**Exercise brief**.
Exclude every picture. Output verbatim the lines from the one containing "Las superestrellas de" to the end of the data.

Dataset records
══════

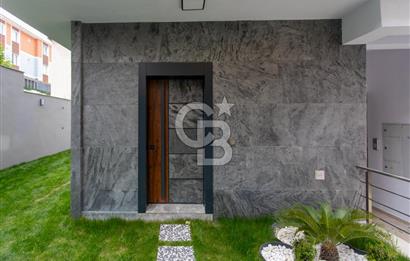 Foça Kazım Dirik Mah.Satılık 2+1 Bahçeli Dubleks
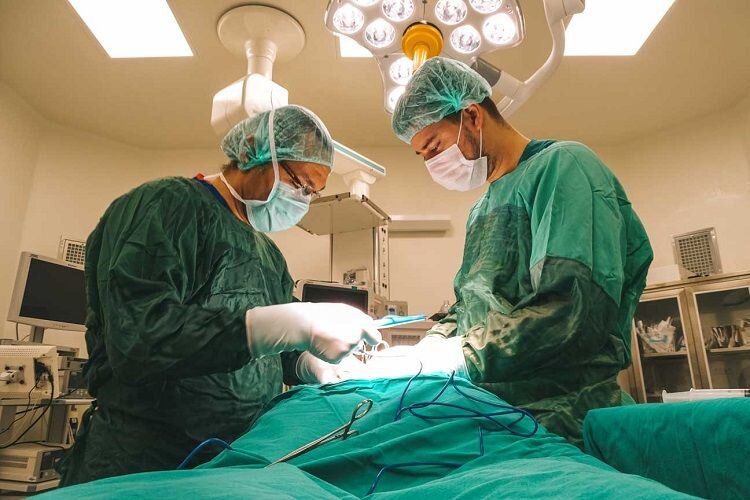 مهاجرت پزشکان؛ بیماری مزمن نظام درمان یا عارضه قابل درمان؟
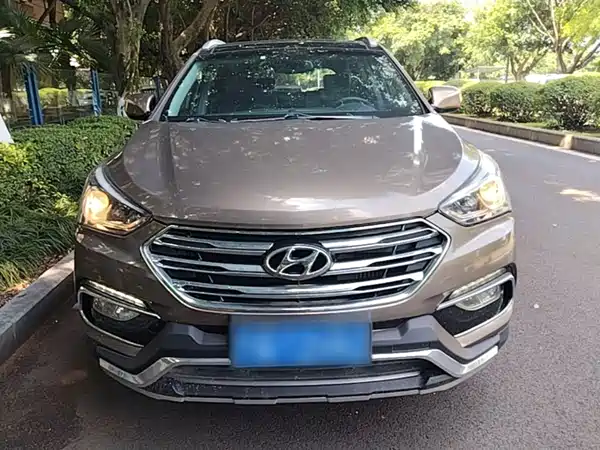 Hyundai Santa Fe 2017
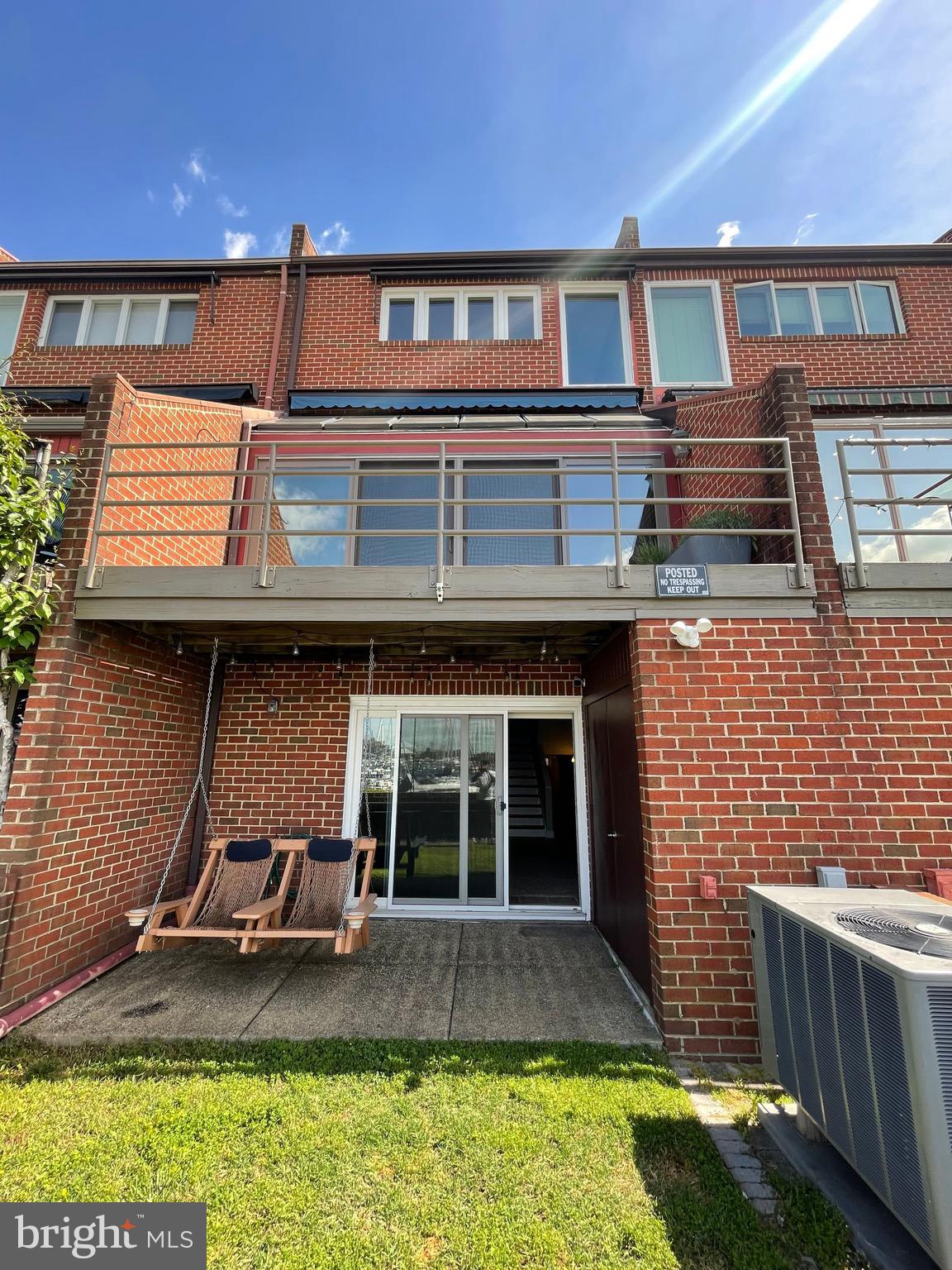 ANCHORAGE TOWERS - Residential Lease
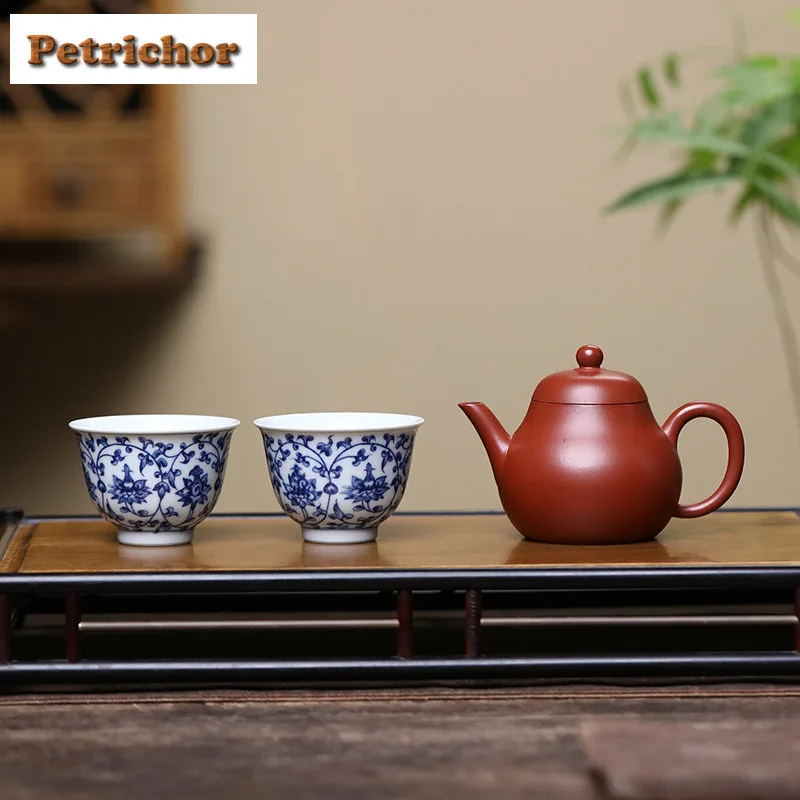 Yixing Purple Clay Teapots Handmade Pyriform Pot 1 Pot 2 Cups Raw Ore Zhu Mud Kettle With Infuser Zisha Tea Set Blue And White
Yixing Purple Clay Teapots Handmade Pyriform Pot 1 Pot 2 Cups Raw Ore Zhu Mud Kettle With Infuser Zisha Tea Set Blue And White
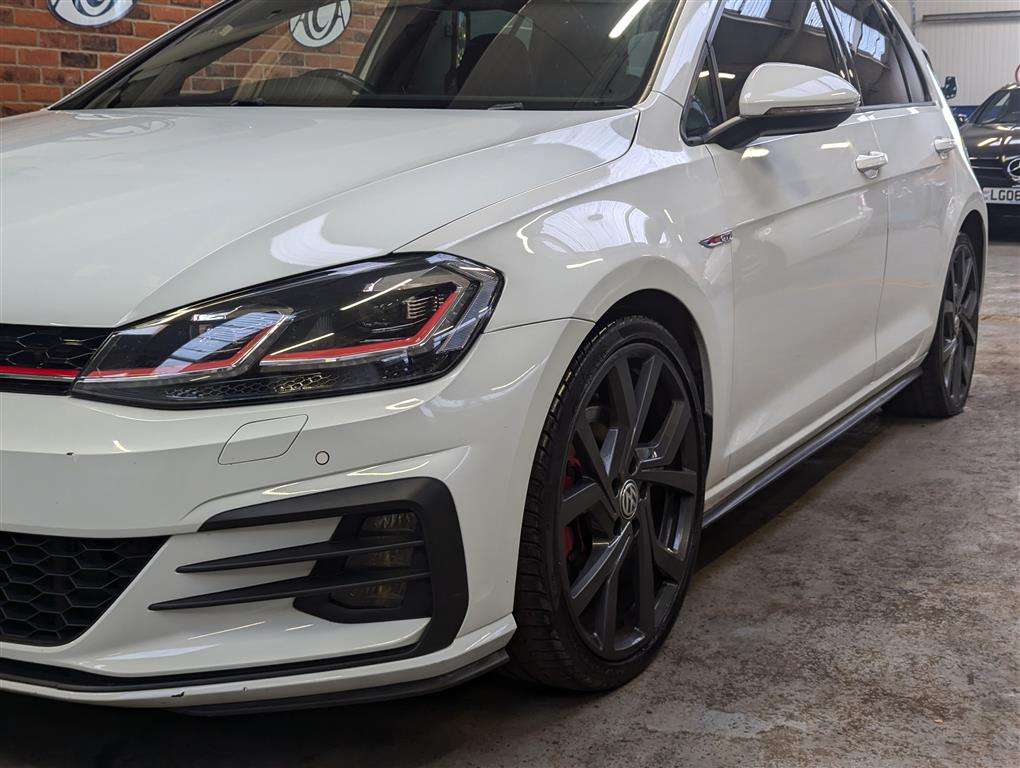 <p>2017 VOLKSWAGEN GOLF GTI TSI</p>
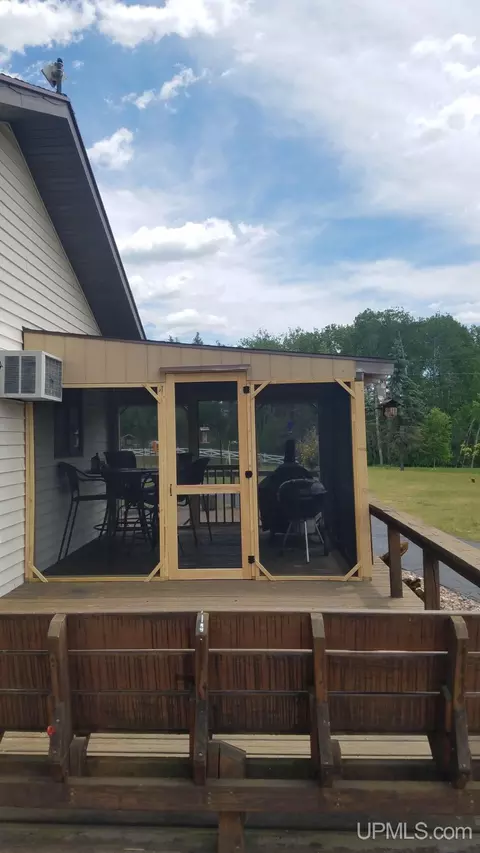 Exterior - 615 North Cp, Ishpeming, MI 49849 photo 4 of 15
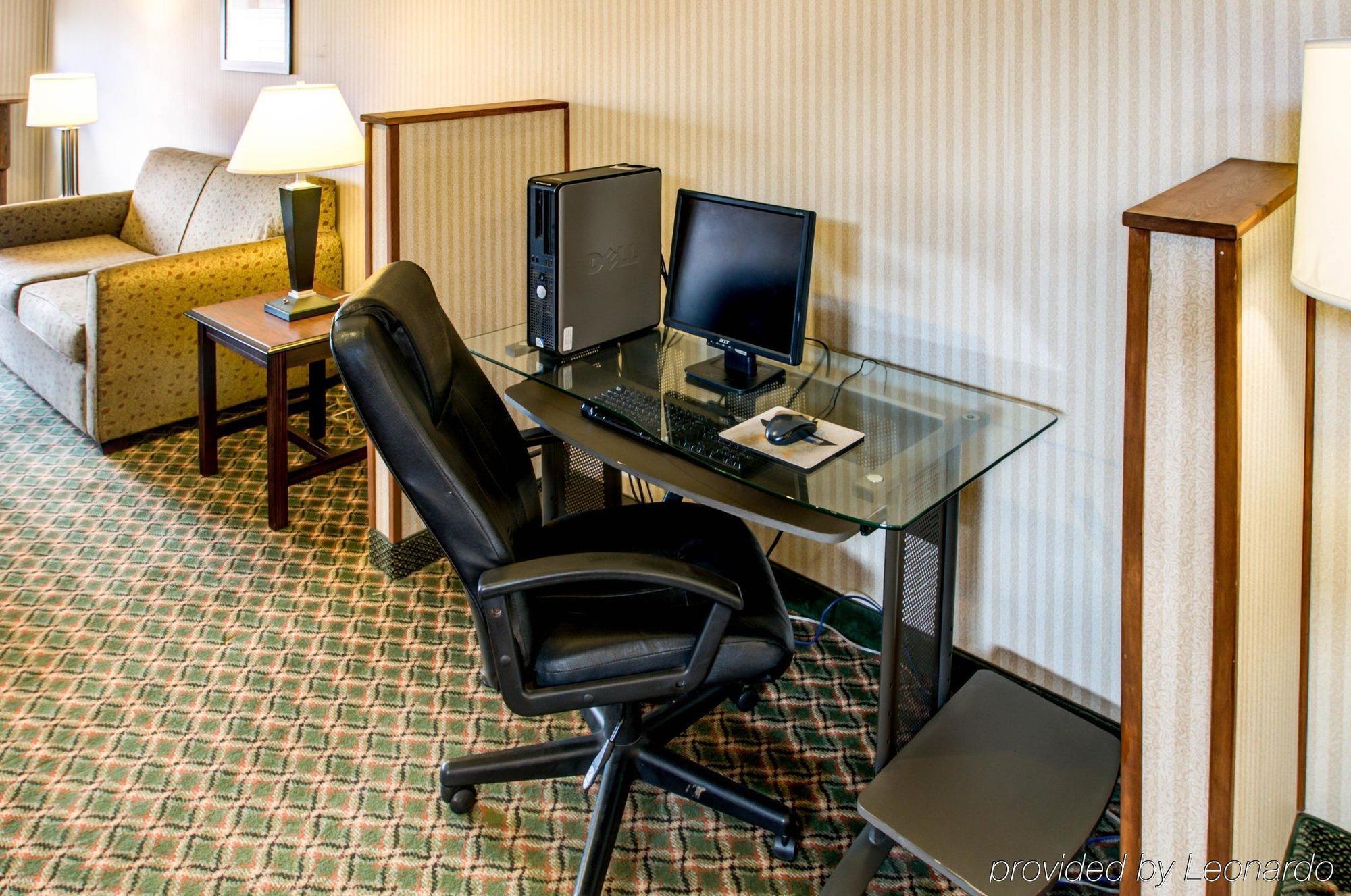Quality Inn & Suites Grants - I-40 Екстер'єр фото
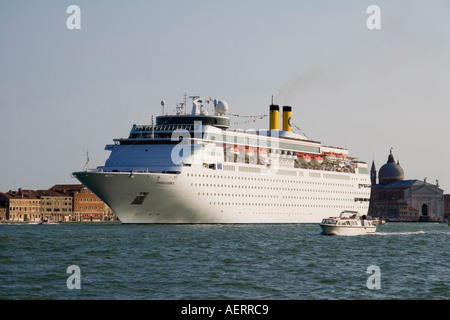 Costa Classica Kreuzfahrtschiff Ankunft in den Canale della Giudecca Venice Italy Stockfoto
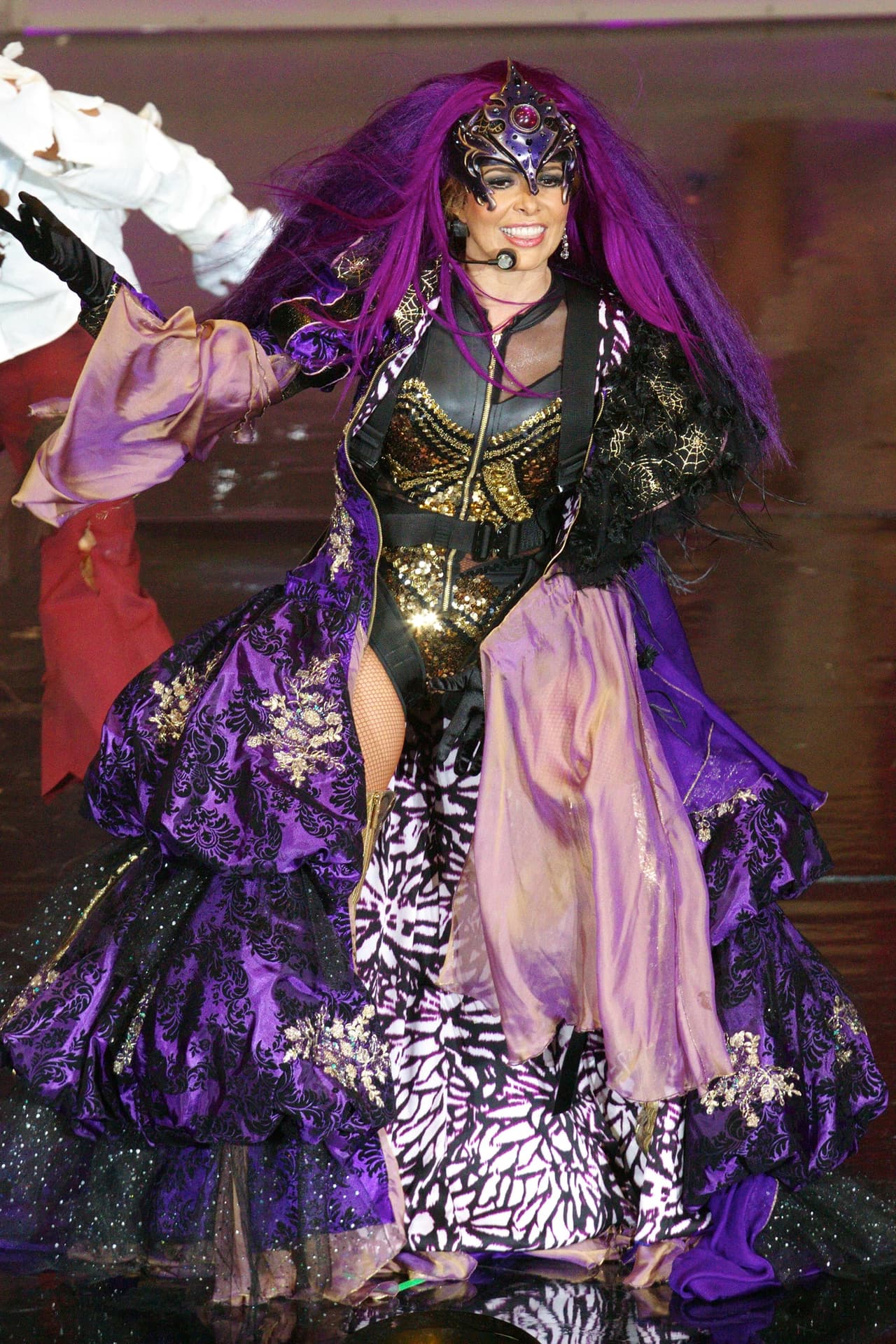 Las superestrellas de ahora también la han inspirado: aquí en un concierto de 2012 usando un vestido inspirado por Madonna y Lady Gaga.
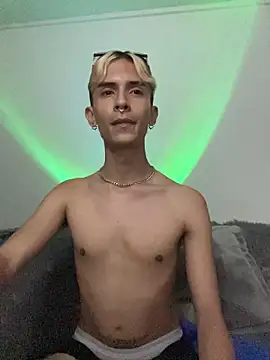 Show modela Dracco_Velour_ na web-kameri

══════

**Exercise answer**.
 Las superestrellas de ahora también la han inspirado: aquí en un concierto de 2012 usando un vestido inspirado por Madonna y Lady Gaga.
 Show modela Dracco_Velour_ na web-kameri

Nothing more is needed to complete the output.